Итак, в мае 1995 года мы прилетели из Америки в Париж и поселились в недорогом отеле «Ла Мармот» («сурок» по-русски). Отель был вытянут вверх этажа на три и, действительно, напоминал сурка, стоящего на задних лапах. Наш «Ла Мармот», которого мы тут же окрестили в «Обормота», одним своим боком был обращен на улицу Монторгёй, которая была частью Чрева Парижа. Но и в наши дни улица Монторгёй вся уставлена палатками с самыми прекрасными на свете фруктами и овощами. Я нигде не видал ТАКОЙ клубники, или ТАКИХ персиков, или ПОДОБНЫХ помидоров. А рыба и всяческие креветки-устрицы! А нежнейшее мясо всех на свете пород домашних животных! А куры, гуси, утки, куропатки, перепела! А колбасы и сыры! Все это кричало, зазывало, обольщало! По краям же этого привозимого ежеутренне, а ежевечерне сворачиваемого торгового табора стояли кафе и кондитерские. А магазины, где продавали тут же во внутренних помещениях варившиеся сыры! А колбасные! И, наконец, венец всему — винные лавки с такими винами и коньяками, от одного названия которых — пьянеешь. Если не поленишься разобраться во французских корнях.
В конце улицы Монторгёй, приближающемся к улице Этьен Марсель, палатки становились победнее, кафе и винные лавки — обыденнее, мостовая — погрязнее. Нагулявшись по лучшему куску бывшего Чрева, напившись крепкого и ароматного кофе из маленьких фарфоровых чашечек и налакомившись пирожными, мы разбегались каждый по своим делам: Мила — по музеям и магазинам модной одежды и обуви, Максим — по букинистам и местам, связанным с жизнью Ивана Бунина и Владимира Набокова в Париже, я — в институт Пастера, где работал в двадцатые-тридцатые годы профессор Феликс д’Эрелль, открывший феномен бактериофагии.
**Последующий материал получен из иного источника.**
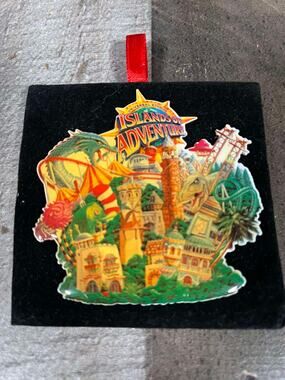 1999 Universal Studios Florida Islands of Adventure Grand Opening Jumbo Pin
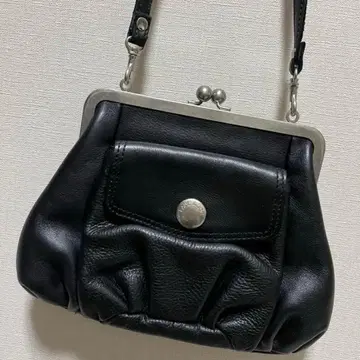 폴앤조 천연 가죽 가마구치 백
Мне предстояло пересказать мой мемуар сотрудникам института Пастера.
Париж хорош для сентиментальных ассоциаций. В конце пятидесятых — начале шестидесятых в нашей компании молодых питерских литераторов (Илья Авербах, Василий Аксенов, Дмитрий Бобышев, Сергей Вольф, Анатолий Найман, Эйба Норкуте, Евгений Рейн, Давид Шраер) был необыкновенный интерес к прозе Эрнеста Хемингуэя. Особенно оттого, что его характер, судьба и книги (казалось нам) соединялись в понятие настоящей литературы индивидуального стиля, какого-то волшебства, когда абсолютно достоверная деталь становится метафорой состояния.